ASSIGNMENT. Starting at the line with "Corduroy Shirt Blouse", return every line through the final one of the data, word for word. Pictures stay out.

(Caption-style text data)
<<<<

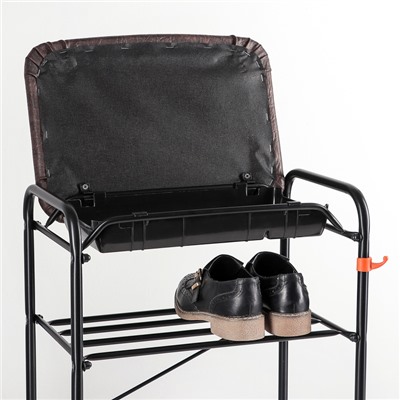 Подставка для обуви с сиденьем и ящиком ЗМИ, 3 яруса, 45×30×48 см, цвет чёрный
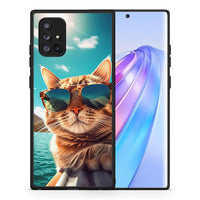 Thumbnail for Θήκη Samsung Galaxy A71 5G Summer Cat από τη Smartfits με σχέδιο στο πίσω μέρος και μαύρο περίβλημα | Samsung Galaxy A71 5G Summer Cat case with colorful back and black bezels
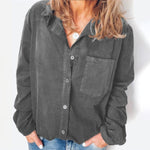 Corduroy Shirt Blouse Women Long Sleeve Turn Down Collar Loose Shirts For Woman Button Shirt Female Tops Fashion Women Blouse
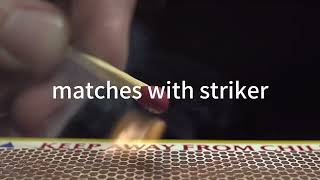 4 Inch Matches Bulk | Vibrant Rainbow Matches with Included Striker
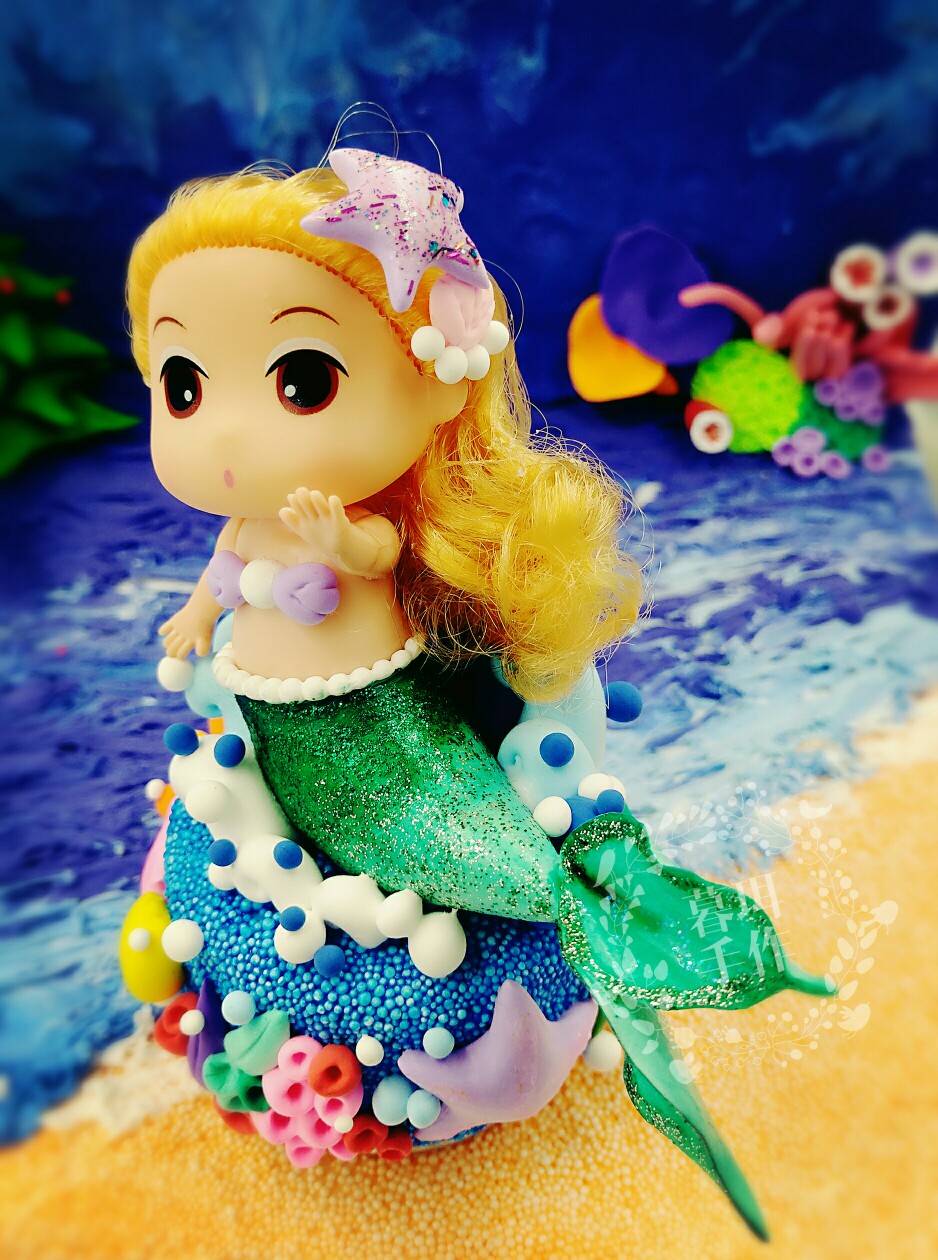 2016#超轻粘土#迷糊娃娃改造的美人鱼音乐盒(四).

>>>>

RESPONSE AREA.
 Corduroy Shirt Blouse Women Long Sleeve Turn Down Collar Loose Shirts For Woman Button Shirt Female Tops Fashion Women Blouse
 4 Inch Matches Bulk | Vibrant Rainbow Matches with Included Striker
 2016#超轻粘土#迷糊娃娃改造的美人鱼音乐盒(四).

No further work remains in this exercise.